Start of Extracted information

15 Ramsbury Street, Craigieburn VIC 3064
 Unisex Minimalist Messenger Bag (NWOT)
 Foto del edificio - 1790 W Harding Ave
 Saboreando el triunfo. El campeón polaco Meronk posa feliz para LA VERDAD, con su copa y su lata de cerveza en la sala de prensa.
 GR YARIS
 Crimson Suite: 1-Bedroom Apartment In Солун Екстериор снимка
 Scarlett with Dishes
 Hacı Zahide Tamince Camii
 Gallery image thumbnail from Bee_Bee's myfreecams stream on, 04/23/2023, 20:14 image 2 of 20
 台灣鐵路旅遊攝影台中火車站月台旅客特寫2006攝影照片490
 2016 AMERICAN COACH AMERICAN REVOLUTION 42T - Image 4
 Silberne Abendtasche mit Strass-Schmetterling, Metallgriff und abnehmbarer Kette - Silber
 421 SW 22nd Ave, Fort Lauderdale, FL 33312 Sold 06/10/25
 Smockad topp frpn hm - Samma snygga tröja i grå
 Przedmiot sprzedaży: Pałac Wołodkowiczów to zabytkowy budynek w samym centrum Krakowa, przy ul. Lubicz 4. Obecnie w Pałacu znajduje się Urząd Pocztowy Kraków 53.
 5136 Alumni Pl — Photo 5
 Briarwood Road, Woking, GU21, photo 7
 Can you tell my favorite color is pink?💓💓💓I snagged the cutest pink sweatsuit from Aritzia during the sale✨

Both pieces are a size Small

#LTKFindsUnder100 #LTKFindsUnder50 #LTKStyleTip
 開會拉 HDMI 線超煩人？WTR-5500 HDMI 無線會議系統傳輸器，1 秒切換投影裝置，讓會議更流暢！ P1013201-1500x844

End of Extracted information

Task to complete -> Each line with the word "from" in the records above belongs in the result; copy all of them.

Solution to this task ->
 Gallery image thumbnail from Bee_Bee's myfreecams stream on, 04/23/2023, 20:14 image 2 of 20
 Can you tell my favorite color is pink?💓💓💓I snagged the cutest pink sweatsuit from Aritzia during the sale✨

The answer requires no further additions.